STEPHANIE SUTHERLAND, ON BEHALF OF HERSELF AND ALL OTHERS SIMILARLY SITUATED, PLAINTIFF,
v.
ERNST & YOUNG LLP, DEFENDANT.



The opinion of the court was delivered by: Kimba M. Wood, U.S.D.J.:

Opinion and Order

Defendant Ernst & Young LLP ("Ernst & Young") moves for reconsideration of this Court's March 3, 2011 Order denying its motion to dismiss or stay the proceedings and compel arbitration. Sutherland v. Ernst & Young LLP, 768 F. Supp. 2d 547 (S.D.N.Y. 2011).

I. Overview

Plaintiff Stephanie Sutherland ("Sutherland") brings this putative class action against her former employer, Ernst & Young LLP ("Ernst & Young"), pursuant to the Fair Labor Standards Act ("FLSA"), 29 U.S.C. § 201 et seq., and Title 12 of the Codes, Rules and Regulations of the State of New York, 12 N.Y.C.R.R. § 142--2.2. Sutherland alleges that Ernst & Young wrongfully classified her as exempt from the overtime requirements of FLSA and New York law and failed to properly compensate her, and others similarly situated, for hours worked in excess of 40 hours per week.
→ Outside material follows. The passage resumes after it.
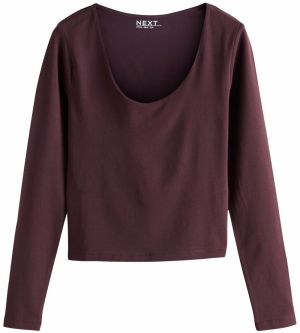 Next Tričko  tmavohnedá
Sutherland seeks compensatory damages for 151.5 hours of unpaid overtime wages, which amounts to an actual loss of $1,867.02.

As a condition of her employment, Sutherland consented to the "Ernst & Young Common Ground Dispute Resolution Program" (the "Agreement"). The Agreement requires binding arbitration and permits the arbitration on an individual basis only.
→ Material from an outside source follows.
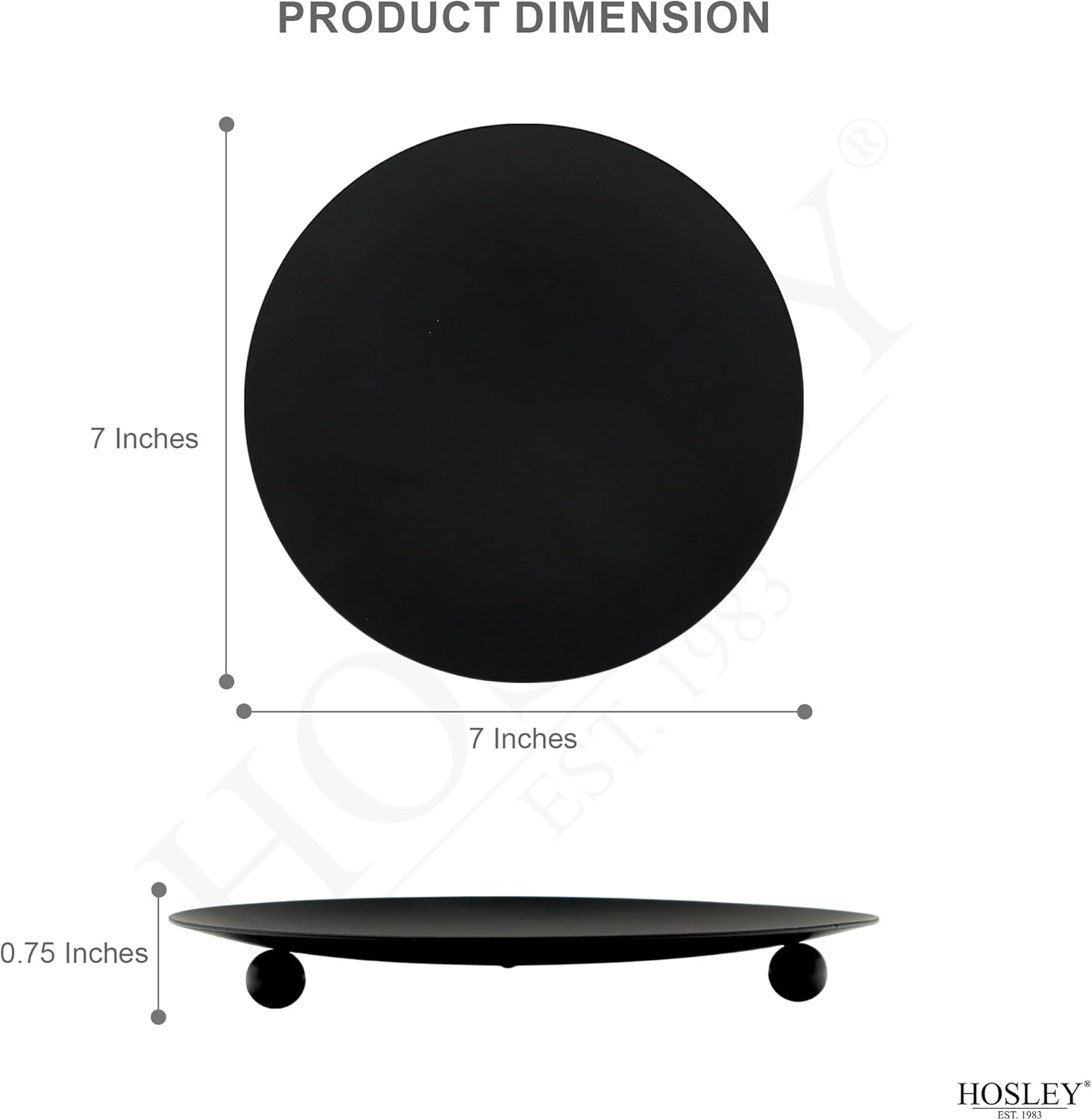 7-Inch Black Iron Pillar Candl - Home Decor Free Images 评论和价格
Ernst & Young moved to dismiss or stay the proceedings and to compel arbitration of Sutherland's claims on an individual basis. (Dkt. No. 27.) After examining the evidence submitted, this Court found that the particular Agreement in this case was unenforceable because it prevents Sutherland from vindicating her statutory rights. Sutherland, 768 F. Supp. 2d at 554.
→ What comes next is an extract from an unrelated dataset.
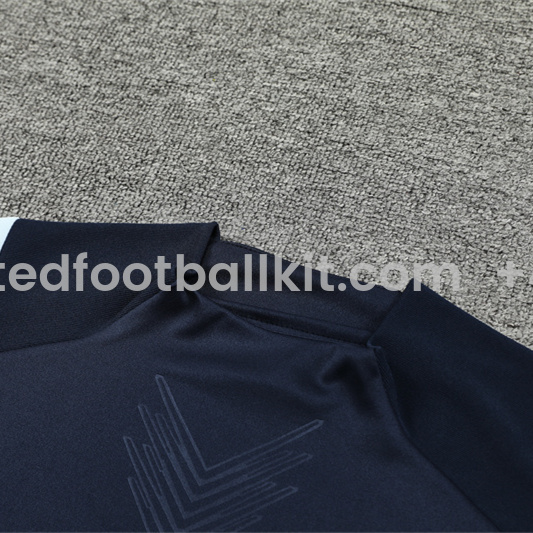 Unitedfootballkit.com | Real Madrid 24-25 Long Sleeve Training Set - Player Version - Royal Blue -Customize Name, Number and Patch | Worldwide Shipping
Ernst & Young now moves for reconsideration of this Court's order. (Dkt. No. 82.) Ernst & Young argues that this Court's finding that Sutherland would be unable to vindicate her statutory rights was clearly erroneous. (Ernst & Young's Mot. for Recons. ("Def.'s Mot.") at 2-5.) Ernst & Young also argues that the statements of Sutherland's counsel regarding discovery constitute new evidence of Sutherland's willingness to proceed on an individual basis. (Def.'s Mot. at 5-8.) Finally, Ernst & Young points to what it believes are two changes in controlling law. First, Ernst & Young argues that the Second Circuit's holding in Italian Colors Rest. v. Am. Express Travel Related Servs. Co., 634 F.3d 187, 197 (2d Cir. 2011) altered the burden that Sutherland must meet to prove that arbitration is cost-prohibitive. (Def.'s Mot. at 8-10.) Second, Ernst & Young contends that the Supreme Court's holding in AT&T Mobility LLC v. Concepcion ("Concepcion"), 131 S.Ct. 1740 (2011) effectively overruled this Court's prior analysis. (Def.'s Supplemental Mem. in Supp. of Ernst & Young LLP's Mot. for Recons. ("Def.'s Suppl. Mem.") at 2.)

II. Legal Standard

Local Civil Rule 6.3 provides that a party may submit a motion for reconsideration "setting forth concisely the matters or controlling decisions which counsel believes the court has overlooked." Reconsideration is appropriate only where there is "an intervening change of controlling law, newly available evidence, or the need to correct a clear error or prevent manifest injustice." Official Comm. of Unsecured Creditors of Color Tile, Inc. v. Coopers & Lybrand, LLP, 322 F.3d 147, 167 (2d Cir. 2003). The moving party bears the burden of proof. United States v. Int'l Bhd. of Teamsters, 247 F.3d 370, 391 (2d Cir. 2001). "Reconsideration of a previous order by the court is an extraordinary remedy to be employed sparingly in the interests of finality and conservation of scarce judicial resources." Floyd v. City of New York, No. 08 CV 1034, 2011 WL 5879428, at *5 (S.D.N.Y. Nov. 23, 2011) (Scheindlin, J.).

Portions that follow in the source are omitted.